▶ _Problem description_
For this exercise, write out the whole listing below exactly, omitting its images.

▶ _Dataset content_
--- START ---

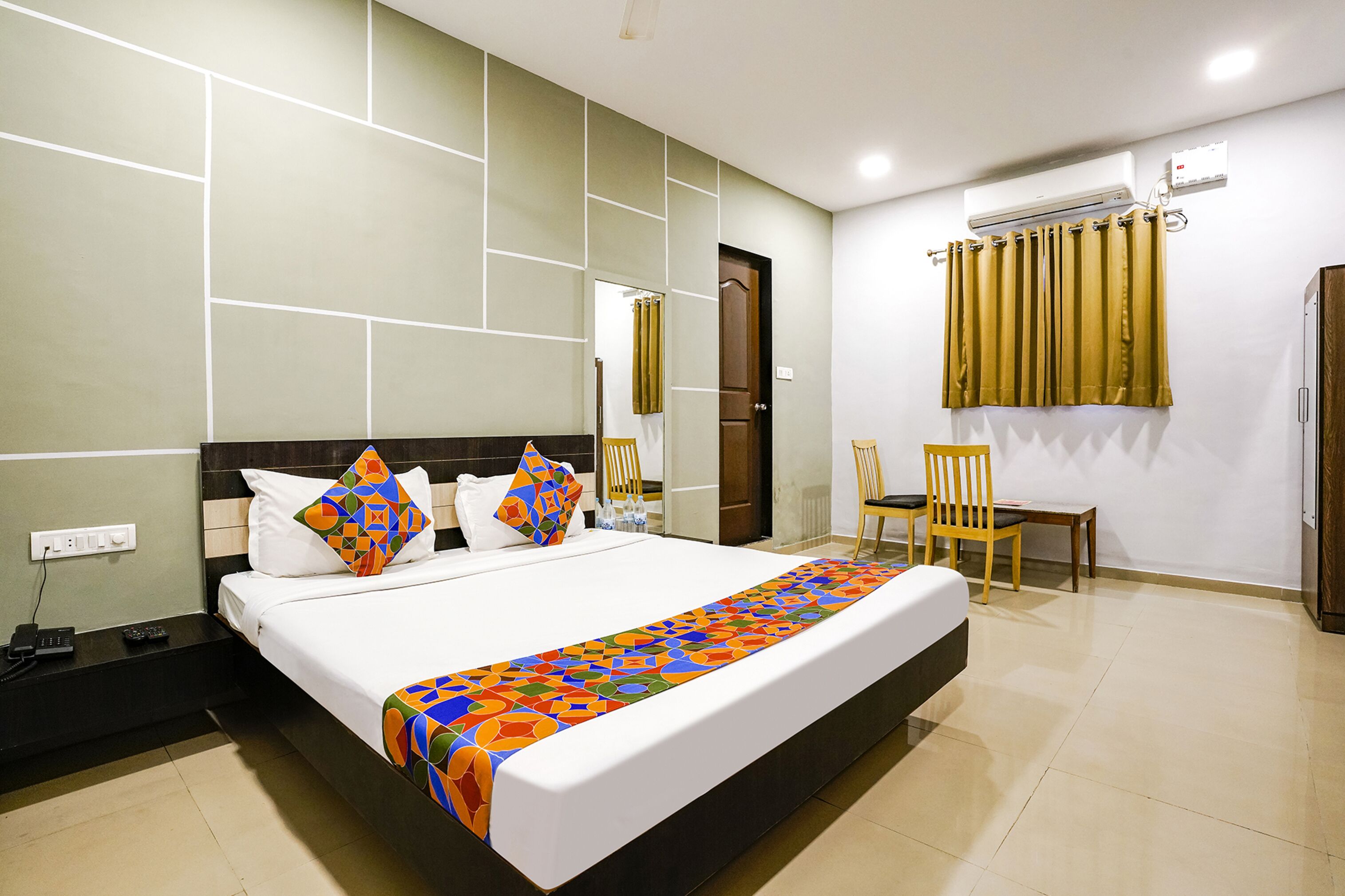 premium room | egyptian cotton sheets, premium bedding, in-room safe, free wifi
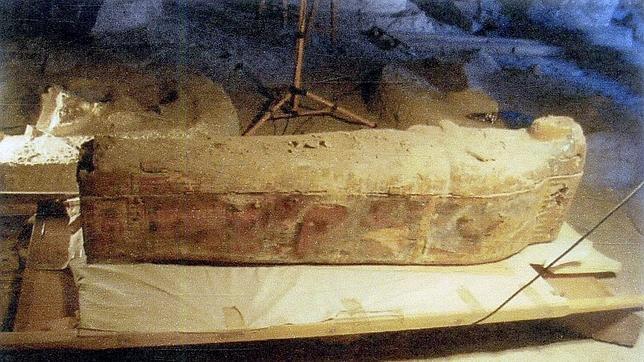 Encuentran en Egipto el sarcófago y momia de la cantora de Amón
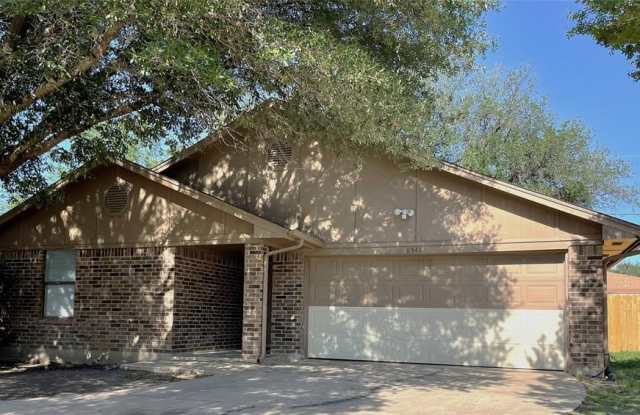 8542 James Court - 8542 James Court, White Settlement, TX 76108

--- END ---

▶ _Answer area_
 premium room | egyptian cotton sheets, premium bedding, in-room safe, free wifi
 Encuentran en Egipto el sarcófago y momia de la cantora de Amón
 8542 James Court - 8542 James Court, White Settlement, TX 76108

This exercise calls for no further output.